Split training images into training and test sets #16

gwaybio · 2019-11-18T16:06:41Z

The EBimage feature data has already been split into training and test sets. The additional splitting of the training set was performed so that we can evaluate model performance on a test set without evaluating performance on the final validation set.

In this issue, one should identify a solution to split the training image data into a training and testing set using the exact same splits as the EBImage data

EBImage data: https://github.com/cytodata/single-cell-classifier/tree/master/2.process-data/data

wagenrace · 2019-11-19T07:44:01Z

That means we are gone split the data in to 4 parts? The training and testing of 2.process_data + test data @fheigwer has hosted and now an other one?

gwaybio · 2019-11-19T12:25:10Z

Three parts:

Training
Testing
Validation

We have enough data to do this. We need to split the same samples in the raw image data.

wagenrace · 2019-11-19T14:59:21Z

Where does the data of http://193.196.20.37/scoringapp/ fit in to that? Because the data we download is already just a part of the full data set.

gwaybio · 2019-11-19T15:26:31Z

Good point - not really a "true" validation set then. Do we know of similar data that was collected in a different experiment? If so, then we don't need to split training

wagenrace · 2019-11-19T18:20:39Z

I would use the test-set what @fheigwer keep secret as a real test set.
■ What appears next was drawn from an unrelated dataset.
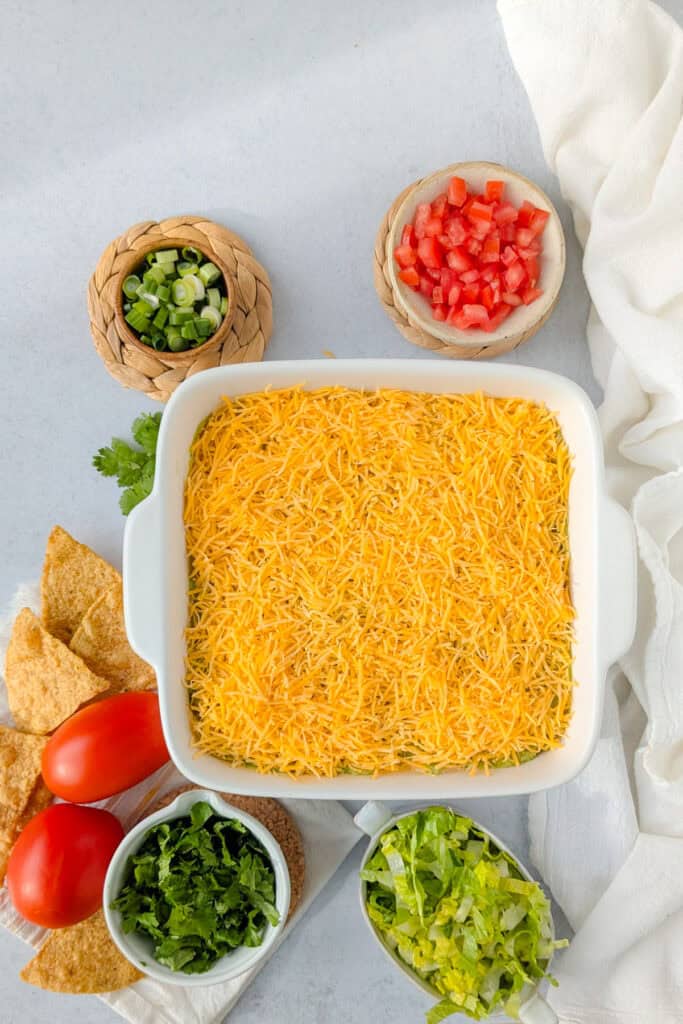 Overhead picture of 4 layer taco dip topped with shredded cheddar cheese.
We only use it at the end to find out what works.

The test set of 2.process_data we can use to compare different model to each other (so the validation set). This one has the downside of leaked features because they are not split on well basis but cell basis, so one well can have training and validation data.

If a model needs to be trained we use the training set.

I don't think the leaked features problem can be solved. If we look at the number of wells we have to little to make a good split.

We have also leaked features because we try to reproduce the results from the hackaton. Only to models what works well on the test data we are using here. But I will ignore that for now

My proposal:

Training with training data
Compare the models with validation (test of 2.process_data)
after the best model is found train it with all data.
test it with @fheigwer secret data (this we only do once at the end)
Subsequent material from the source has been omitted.